They dont need to be so tight you can't get them off... You obviously want them to be on tight, but not so tight you can't get them off with a socket.

If you can, get a socket onto the banjo bolt for the water lines, or use the ring end of your spanner (you'll probably have to buy one tongue.gif ) - 24mm sounds a bit too big too, I know mine were 14mm on my car, but obviously could be different for you. You might even be able to undo the bolt connecting the lines to the engine itself.

That's all assuming you're using stock water lines which are usually banjo bolts but, if you have braided lines it's going to be a different story, especially if the ends aren't using banjo bolts as well.

iamhappy46
Post #3

24mm? Normally use a 16mm from memory. Be warned, they are common for corroding up due to the cyclic heat in that area, so they will be tight.

pipster11
Post #4

the dump bolts were in pretty tight so i had to use a bit of wd40/rp7 and go bit by bit (undo a bit, go back the other way, undo a bit more etc)

the manifold-tubo bolts were pretty much finger tight (could have been the source of my whine under boost)

the oil feed was tight but came out ok

and the water lines on the side are as big as my ~250mm shifter goes too

i should be able to borrow the spannar and i've wd40'd it so hopefully i have a bit more luck today

how can you tell if you need to replace the gaskets? the dump gasket looks pretty much brand new but i guess the manifold one will look burnt and sooty if its been leaking?

sweet_az
Post #5

QUOTE (pipster11 @ Aug 10 2010, 08:20 AM) *
the dump bolts were in pretty tight so i had to use a bit of wd40/rp7 and go bit by bit (undo a bit, go back the other way, undo a bit more etc)

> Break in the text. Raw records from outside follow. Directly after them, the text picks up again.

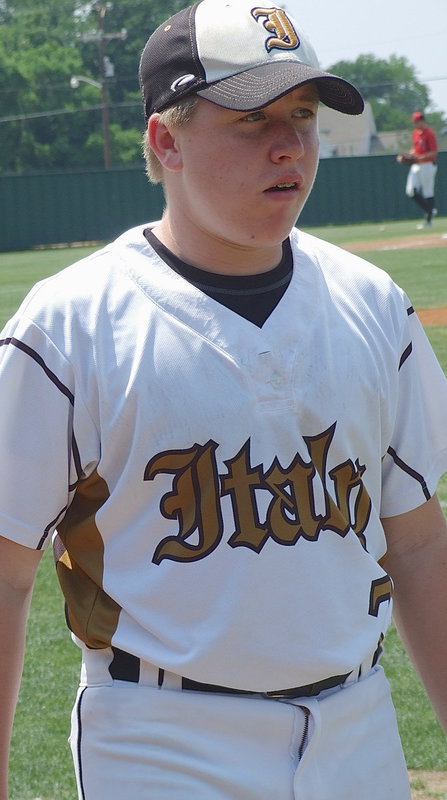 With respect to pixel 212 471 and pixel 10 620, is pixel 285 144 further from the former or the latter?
pixel 10 620

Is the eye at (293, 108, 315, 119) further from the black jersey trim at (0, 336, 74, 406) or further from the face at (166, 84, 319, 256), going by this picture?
the black jersey trim at (0, 336, 74, 406)

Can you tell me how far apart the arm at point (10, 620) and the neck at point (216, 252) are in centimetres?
53

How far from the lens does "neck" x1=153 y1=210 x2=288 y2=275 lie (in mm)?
1979

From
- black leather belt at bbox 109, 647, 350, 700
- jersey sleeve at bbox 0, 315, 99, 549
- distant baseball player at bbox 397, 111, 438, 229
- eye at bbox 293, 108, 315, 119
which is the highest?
eye at bbox 293, 108, 315, 119

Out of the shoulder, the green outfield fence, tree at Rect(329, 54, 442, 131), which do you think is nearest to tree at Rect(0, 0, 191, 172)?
tree at Rect(329, 54, 442, 131)

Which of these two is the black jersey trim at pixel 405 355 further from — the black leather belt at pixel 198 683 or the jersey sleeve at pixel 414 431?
the black leather belt at pixel 198 683

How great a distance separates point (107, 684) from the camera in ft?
6.39

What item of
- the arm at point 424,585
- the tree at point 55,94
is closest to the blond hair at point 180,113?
the arm at point 424,585

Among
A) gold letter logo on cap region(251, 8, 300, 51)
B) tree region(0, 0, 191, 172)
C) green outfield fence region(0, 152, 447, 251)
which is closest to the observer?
gold letter logo on cap region(251, 8, 300, 51)

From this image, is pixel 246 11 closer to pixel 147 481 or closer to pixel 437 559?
pixel 147 481

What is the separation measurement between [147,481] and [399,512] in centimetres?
50

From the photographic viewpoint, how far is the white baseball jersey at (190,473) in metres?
1.87

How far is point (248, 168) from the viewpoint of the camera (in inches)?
74.5

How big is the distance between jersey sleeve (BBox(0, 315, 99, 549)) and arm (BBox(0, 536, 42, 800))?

the manifold-tubo bolts were pretty much finger tight (could have been the source of my whine under boost)

the oil feed was tight but came out ok

and the water lines on the side are as big as my ~250mm shifter goes too

i should be able to borrow the spannar and i've wd40'd it so hopefully i have a bit more luck today

how can you tell if you need to replace the gaskets? the dump gasket looks pretty much brand new but i guess the manifold one will look burnt and sooty if its been leaking?


Mate i would be replacing the gaskets if its whining under boost cause normaly thats the manifold to turbo where it will whine better to do it now while its apart man and dont get cheap ones they arnt good been there done that lol.

the_random_hero
Post #6

Unless the gasket looks good, I'd replace it anyway (if you have some silver gasket goop you can smear a little bit of that on there and it will help an older gasket).
Try and grab some stuff called Rost Off Ice, it shits all over WD40 in terms of loosening seized nuts and bolts.

pipster11
Post #7

yeah i''ve seen that b4

if it looks dodgy i'll get a new one

might grab some high temp gasket goo anyway

pipster11
Post #8

well i finally got it off

what a pain

then all the coolant came out lol

but i found the source of my noise biggrin.gif



off to get a new gasket and some motivation

only thing is that the shaft turns smoothly but doesn't spin all that freely :/




also, how do i know if the wheels are metal or nylon or ceramic?

iamhappy46
Post #9

Is the compressor and turbine wheels bolted on both sides of the shaft? or is it 'bonded' on one side?

pipster11
Post #10

i'll have a look

but its raining now :/

and the turbo is in the shed for the night


i've been spraying some rp7 through the core (through the oil holes and the turbine too) to clean out some of the oil crap that was oozing out after i took it off

this should be safe for the seals? what can i pour through it to rinse it out?

pipster11
Post #11

looks like the turbine wheel is nylon (its black)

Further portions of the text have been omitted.